Unbiased Filtering Of Accidental Clicks in Verizon Media Native
Advertising
- URL: http://arxiv.org/abs/2312.05017v1
- Date: Fri, 8 Dec 2023 12:54:30 GMT
- Title: Unbiased Filtering Of Accidental Clicks in Verizon Media Native
Advertising
- Authors: Yohay Kaplan and Naama Krasne and Alex Shtoff and Oren Somekh
- Abstract summary: We focus on the challenge of predicting click-through rates (CTR) when we are aware that some of the clicks have short dwell-time.
An accidental click implies little affinity between the user and the ad, so predicting that similar users will click on the ad is inaccurate.

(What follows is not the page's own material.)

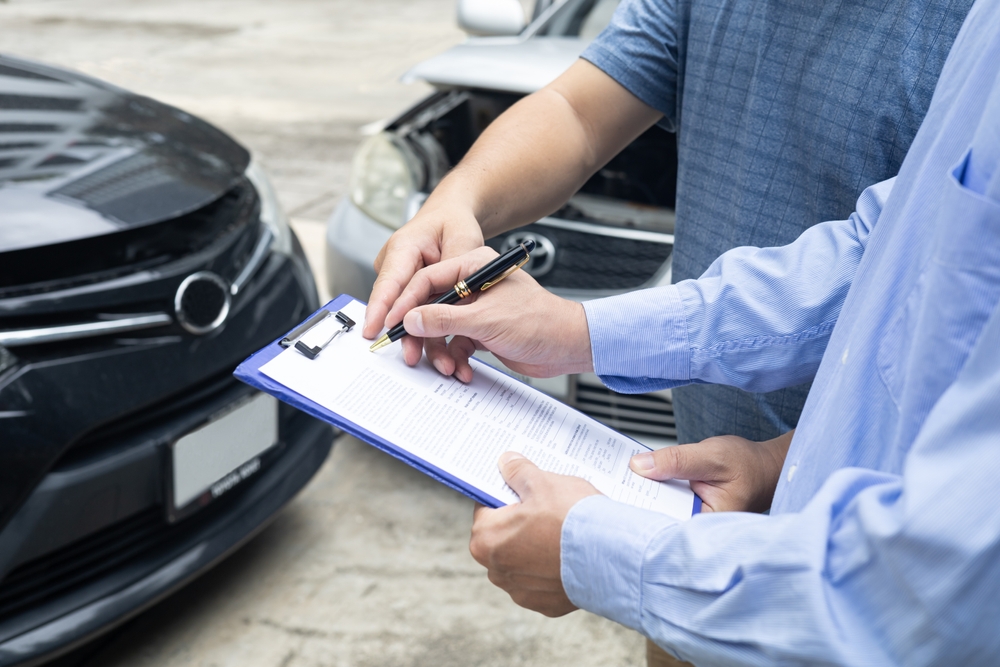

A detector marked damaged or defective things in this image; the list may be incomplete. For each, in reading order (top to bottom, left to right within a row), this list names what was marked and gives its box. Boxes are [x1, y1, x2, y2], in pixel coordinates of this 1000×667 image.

damaged car [0, 54, 336, 664]
dented car hood [400, 36, 584, 94]
damaged car [328, 1, 680, 448]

We present a new approach where the positive weight of the accidental clicks is distributed among all of the negative events (skips), based on their likelihood of causing accidental clicks.

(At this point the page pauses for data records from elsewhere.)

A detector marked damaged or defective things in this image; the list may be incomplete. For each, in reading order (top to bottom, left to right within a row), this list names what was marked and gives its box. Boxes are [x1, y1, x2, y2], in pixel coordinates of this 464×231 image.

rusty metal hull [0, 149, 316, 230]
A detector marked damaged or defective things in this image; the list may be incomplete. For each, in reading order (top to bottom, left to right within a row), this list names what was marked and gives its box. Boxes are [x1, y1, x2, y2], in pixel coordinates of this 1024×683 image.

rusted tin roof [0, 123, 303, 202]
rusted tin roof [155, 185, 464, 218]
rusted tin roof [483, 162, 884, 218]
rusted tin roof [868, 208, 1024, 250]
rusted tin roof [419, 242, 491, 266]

- Score: 1.6717433307723157
- License: http://arxiv.org/licenses/nonexclusive-distrib/1.0/
- Abstract: Verizon Media (VZM) native advertising is one of VZM largest and fastest
growing businesses, reaching a run-rate of several hundred million USDs in the
past year. Driving the VZM native models that are used to predict event
probabilities, such as click and conversion probabilities, is OFFSET - a
feature enhanced collaborative-filtering based event-prediction algorithm. In
this work we focus on the challenge of predicting click-through rates (CTR)

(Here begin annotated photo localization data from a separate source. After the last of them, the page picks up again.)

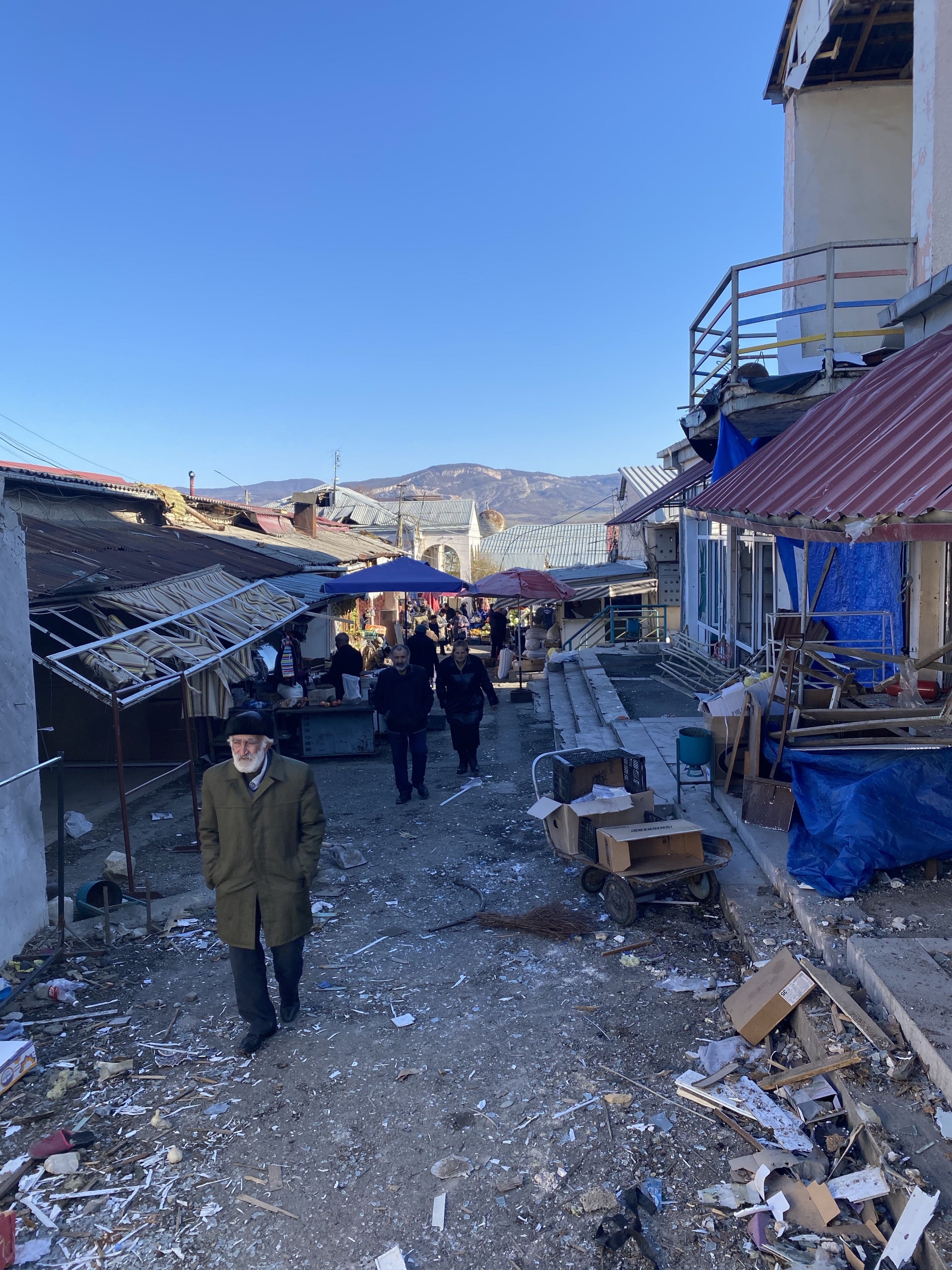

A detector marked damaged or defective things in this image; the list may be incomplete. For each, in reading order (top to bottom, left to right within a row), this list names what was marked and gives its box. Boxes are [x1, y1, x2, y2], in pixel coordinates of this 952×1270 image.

rusty metal roof [690, 322, 952, 536]
rusty metal roof [607, 460, 711, 523]
rusty metal roof [27, 516, 294, 599]
damaged canopy [31, 566, 306, 716]
broken wood plank [802, 960, 898, 1051]
broken wood plank [762, 1051, 863, 1092]
broken wood plank [238, 1194, 298, 1214]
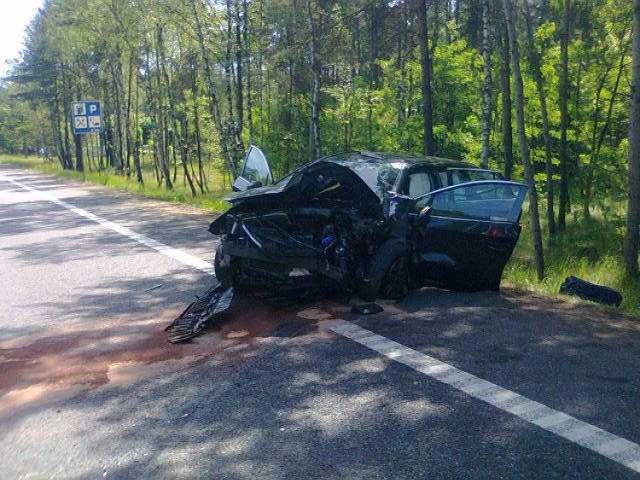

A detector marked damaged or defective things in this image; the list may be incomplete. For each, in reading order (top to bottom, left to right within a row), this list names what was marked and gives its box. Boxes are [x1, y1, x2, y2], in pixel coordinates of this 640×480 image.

detached tire [214, 246, 236, 286]
severely damaged car [168, 146, 528, 342]
severely damaged car [212, 148, 528, 300]
detached tire [360, 239, 410, 300]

when we are aware that some of the clicks have short dwell-time and are defined
as accidental clicks. An accidental click implies little affinity between the
user and the ad, so predicting that similar users will click on the ad is
inaccurate. Therefore, it may be beneficial to remove clicks with dwell-time
lower than a predefined threshold from the training set. However, we cannot
ignore these positive events, as filtering these will cause the model to under
predict. Previous approaches have tried to apply filtering and then adding
corrective biases to the CTR predictions, but did not yield revenue lifts and
therefore were not adopted. In this work, we present a new approach where the
positive weight of the accidental clicks is distributed among all of the
negative events (skips), based on their likelihood of causing accidental
clicks, as predicted by an auxiliary model. These likelihoods are taken as the
correct labels of the negative events, shifting our training from using only
binary labels and adopting a binary cross-entropy loss function in our training
process. After showing offline performance improvements, the modified model was
tested online serving VZM native users, and provided 1.18% revenue lift over
the production model which is agnostic to accidental clicks.